I posted a little over a week ago about the jury verdict in the Sarah Jones case. Ms. Jones is the former BenGal cheerleader who won a six figure defamation verdict against thedirty.com. Not surprisingly, thedirty.com has appealed.
The major issue in the case is the trial court’s decision denying thedirty’s motion to dismiss the case. Thedirty contended that Section 230 of the Communications Decency Act – which says Web site operators are not considered the publisher of content posted on the site by third parties. The trial court judge concluded that the very nature of thedirty meant that it invited defamatory content. And so the site “encouraged what is offensive about the content.” In the trial court’s view, that made thedirty responsible for the third party content.
In my post, I noted that just because thedirty solicits “dirt” doesn’t mean it’s looking for false information. Case in point? The new (sad, pathetic, revolting –choose one) revelations about former Congressman and New York City Mayor candidate Anthony Weiner. In case you missed it, the mainstream media got the story from thedirty.com – where the new texts were posted.

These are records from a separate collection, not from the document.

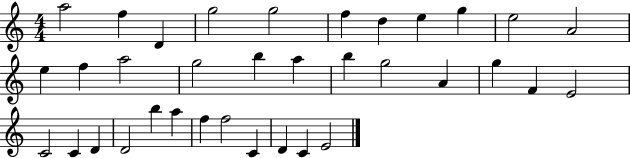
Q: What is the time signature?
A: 4/4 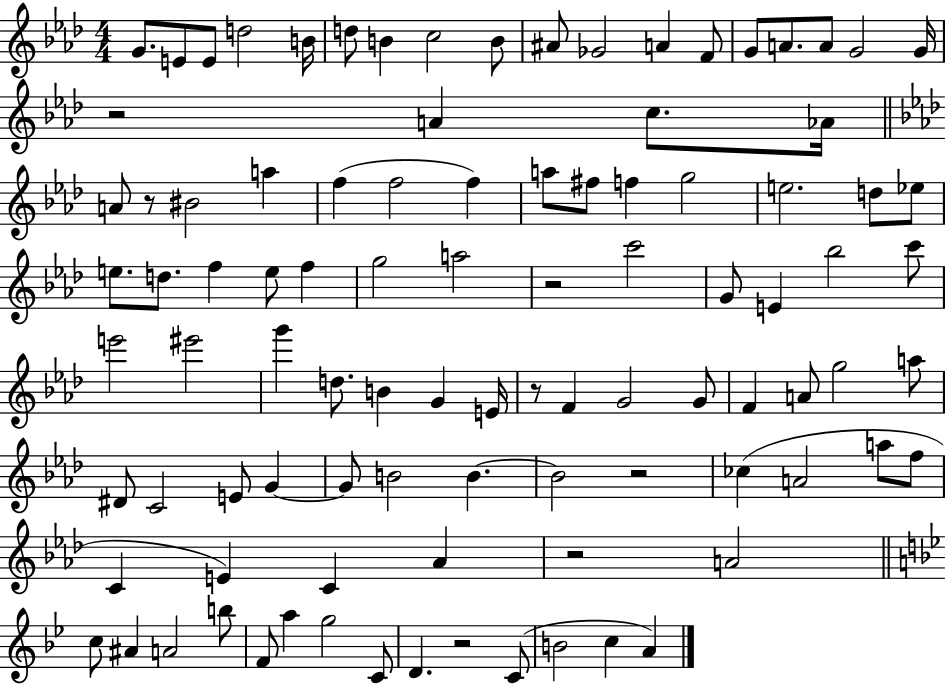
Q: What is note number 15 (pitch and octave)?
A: A4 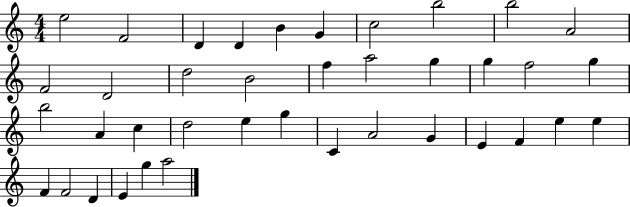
{
  \clef treble
  \numericTimeSignature
  \time 4/4
  \key c \major
  e''2 f'2 | d'4 d'4 b'4 g'4 | c''2 b''2 | b''2 a'2 | \break f'2 d'2 | d''2 b'2 | f''4 a''2 g''4 | g''4 f''2 g''4 | \break b''2 a'4 c''4 | d''2 e''4 g''4 | c'4 a'2 g'4 | e'4 f'4 e''4 e''4 | \break f'4 f'2 d'4 | e'4 g''4 a''2 | \bar "|."
} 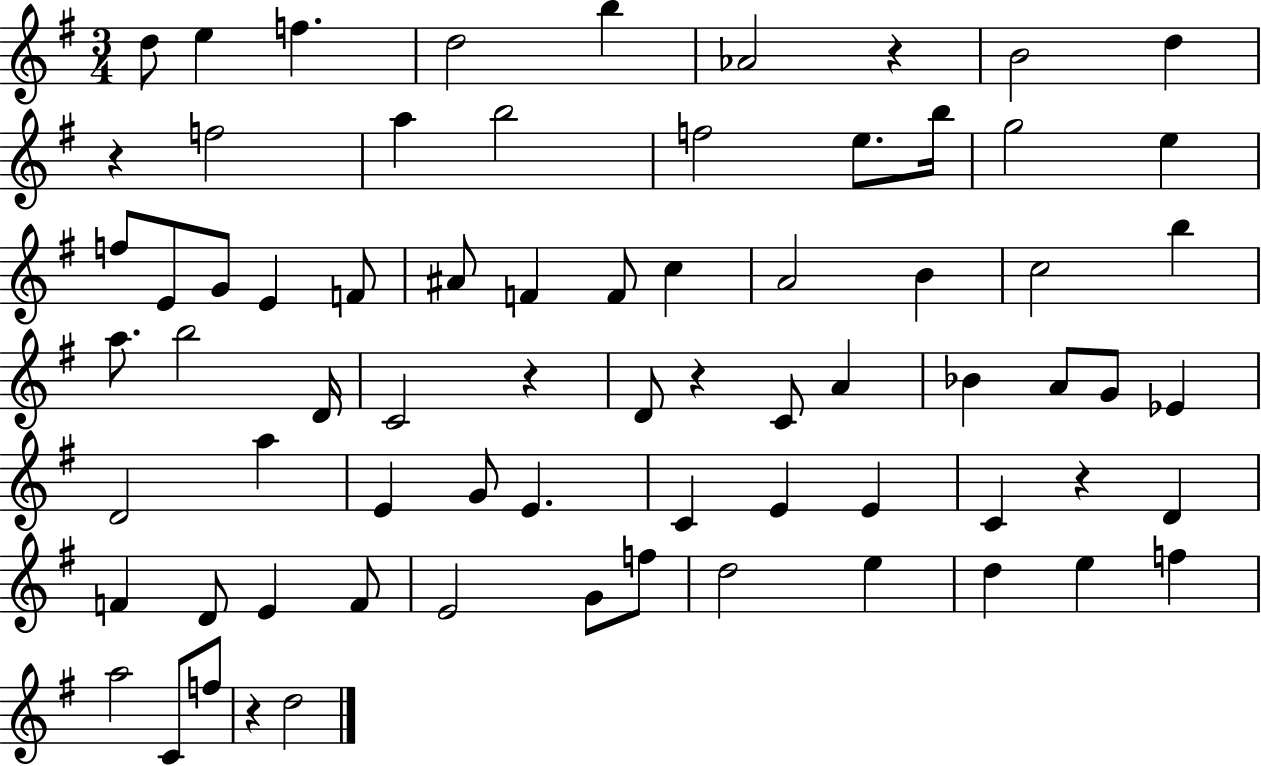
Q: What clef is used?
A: treble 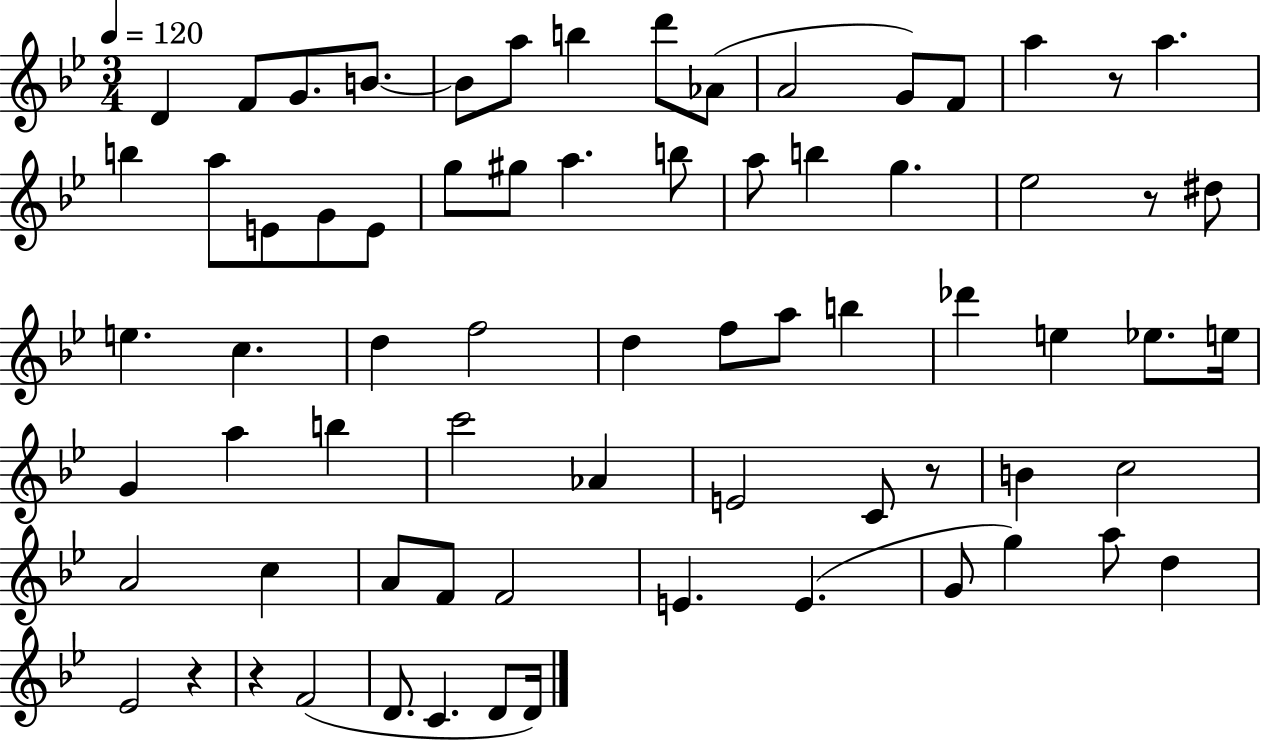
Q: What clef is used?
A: treble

As you can see from the link, Nik Richie, the owner of thedirty is asking other women who’ve received texts or photos from Anthony Weiner aka “Carlos Danger” to come forward. Is Richie soliciting dirt here? Yep. Is it newsworthy? You be the judge – but where someone resigns from Congress for inappropriate sexting, purports to have changed his ways, but goes back to the exact same conduct while running for mayor – it sure seems like it to me. And the final question – is any of the material defamatory? Uh, no. Unlike the last time – when then Congressman Weiner said his Twitter account had been hacked – in this instance, Weiner is admitting the texts are genuine.
The CDA isn’t perfect – nothing is. But the freedom the law gives Web site operators makes it much more likely that stories like this one will not get buried. The ruling in the Sarah Jones case puts this freedom at risk.